For playgrounds my little sister and I had the level spaces between the lodges or the ground under the corn stage, in sunny weather; and the big, roomy floor of the earth lodge, if it rained or the weather were chill. We liked, too, to play in the lodge in the hot days of the Cherry moon; for it was cool inside, never hot and stuffy like a white man’s house. In the fall, when the air was frosty, the sun often shone, and we could play in the big yellow sunspot that fell on the floor through the smoke hole.

We liked to play at housekeeping, especially in the warm spring days, when we had returned from winter camp and could again play out-ofdoors. With the help of the neighbors’ children, we fetched long forked sticks. These we stacked like a tepee frame and covered with robes that we borrowed. To this play tent we brought foods and had a feast.

Sometimes little boys joined in our play; and then it was like real housekeeping. We girls chose each a little boy for husband. To my little husband I said, “Old man, get your arrows, and go kill some buffaloes. We are hungry. Go at once!”

My little husband hastened to his mother and told her our needs. She laughed and gave him a boiled buffalo tongue; or perhaps pemmican, dried meat pounded fine and mixed with marrow fat. This and the foods which the other little husbands fetched us, we girls laid on fresh, clean grass that we pulled. Then we sat down to feast, the little girls on one side of the fireplace, the little boys on the other, just as we had seen men and women sit when they feasted. Only there really was no fireplace. We just made believe there was.

In summer, my little sister and I often went to the river for wet clay, which we modeled into figures. There is a smooth, blue clay found in places at the water’s edge, very good for modeling. We liked best to make human figures, man, woman, or little child. We dried them in the shade, else the sun cracked them. I fear they were not very beautiful. When we made a mud man, we had to give him three legs to make him stand up.

I had a doll, woven of rushes, that Turtle made me. It really was not a doll, but a cradle, such as Indian women used for carrying a small child. In winter I had my deer-skin doll, with the beads for eyes. My grandmother had made me a little bed for my dolls. The frame was of willows, and it was covered with gopher skins, tanned and sewed together. In this little bed my sister and I used to put our dollies to sleep.

We had a game of ball much like shinny. It was a woman’s game, but we little girls played it with hooked sticks. We also had a big, soft ball, stuffed with antelope hair, which we would bounce in the air with the foot. The game was to see how long a girl could bounce the ball without letting it touch the ground. Some girls could bounce it more than a hundred times. It was lots of fun.

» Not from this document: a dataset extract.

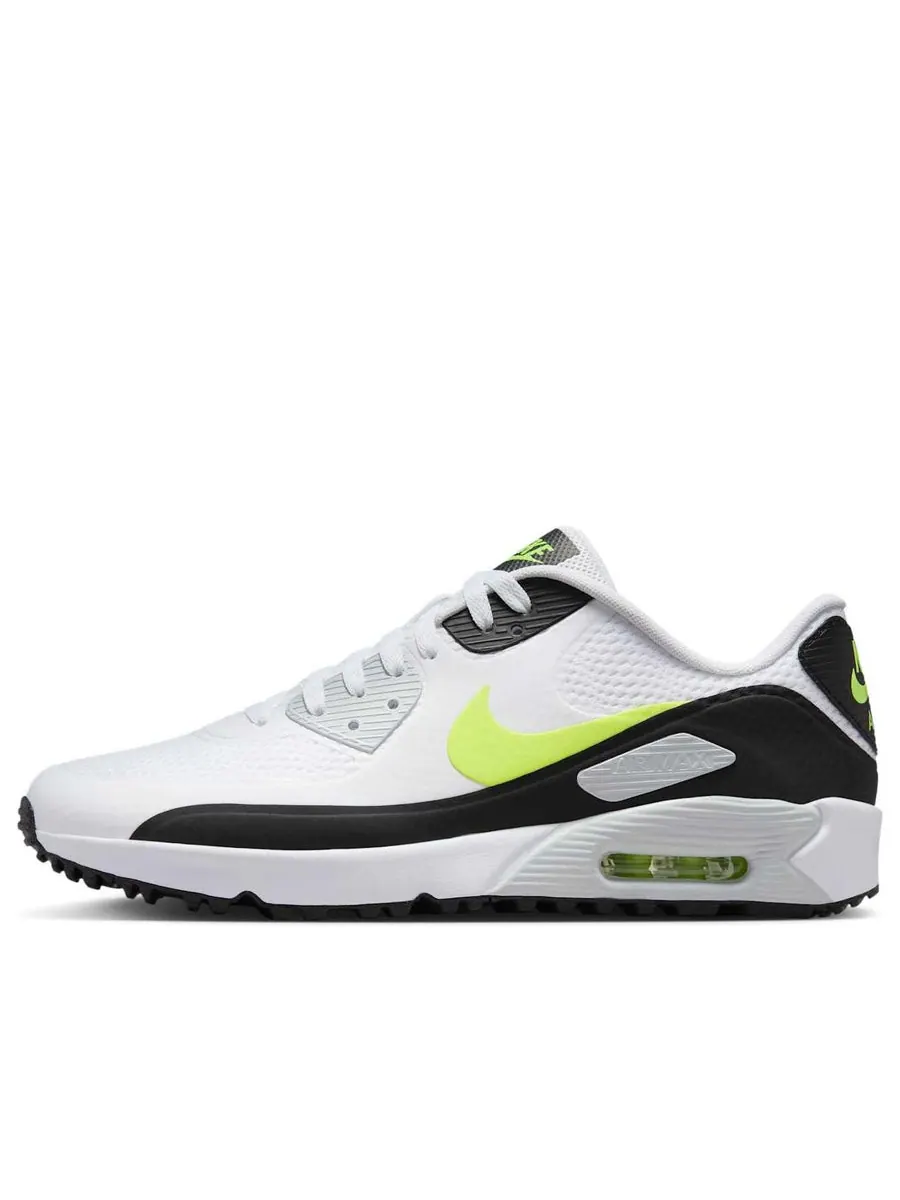 Кроссовки Nike Air Max 90 Golf 'White Hot Lime' — изображение 1 из 6, белый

We coasted in winter, on small sleds made of buffalo ribs; but coasting on the snow was rather for boys and older girls. There was another kind of coaster that we girls liked. A buffalo skin has the hair lying backwards, towards the flanks. I would borrow a skin of my mothers and tie a thong through two of the stake holes at the head or neck, to draw it by. Such a skin made a good coaster even in summer on a steep hillside; for, laid head forward, it slid smoothly over the soft grass.